椰子の木(根元80cm)倒し

 中隊本部へ用件で出向き午前11時頃帰る。見ると分隊全員がマラリア熱で,この暑いのに毛布を被り「寒い寒い」と言って居り,中にはうめき声も聞こえる。30米横の第一分隊宿舎では,椰子の実をグイグイ喉を鳴らせて飲んでいる。それをうらめしそうに寝ながら横目で見ているではないか。
 「よし第二分隊も椰子の実位いつでもあるぞ」とばかりに斧を担いで椰子林へ入る。宿舎の近くでは空襲の恐れもあり,ほどよく離れた所で,実が多くついたものを選び斧を打ち込んだ。コツンと斧がはね返る程外皮が固い。次第に木の中心に近づくにつれて柔らかくなる。40分位経って木の倒れる方向を決め,今度は反対側よりコツンと入れ始める。コツンコツンという音が椰子林の中に響いていく。

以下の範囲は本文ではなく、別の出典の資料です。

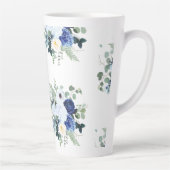 Ranunculus Anemone Hydrangea Roos Witte achtergron Latte Mok (Rechts)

 ふと後方で何かが動く気配がする。振り返って見ると,M地上等兵が唐米袋を背にして立っていた。「よく一人で切り込みましたね」と言って呉れる。椰子の実運搬に二度は通わねばと思っていたので「すぐ倒れるから運んでくれ」と言った。「N田班長が一人で椰子の木倒しをやっている。M地,今日はお前が一番元気だ。せめて実を運ぶ位手伝えよ」と分隊長が言われた由で「よろしくお願いします」と言う。暫くしてザラザラッという木葉の音と共にパリパリという木の裂ける音。ズシンと地響きを上げて倒れる。椰子の実は大きいが蟻が一杯だ。苦労する。まず蟻を除け実2個を取り穴をあけM地上等兵に1個を渡す。自分の頭の倍程の実を両手で握り,早速ゴクリゴクリと飲み始める。僕もすぐ口にした。本当に冷えたサイダーでも飲むような心地は,約1時間に及ぶ汗だくの苦労の結果である。
 二人で28個分隊に運んだところ,皆大喜びである。口を付ける前より「ホントに熱が引き気分がよくなった。もう熱は下がってしまった。有り難う」と言って感謝されたことは嬉しかった。残してきた実は方角を教え,後で運搬するよう隊員へ話す。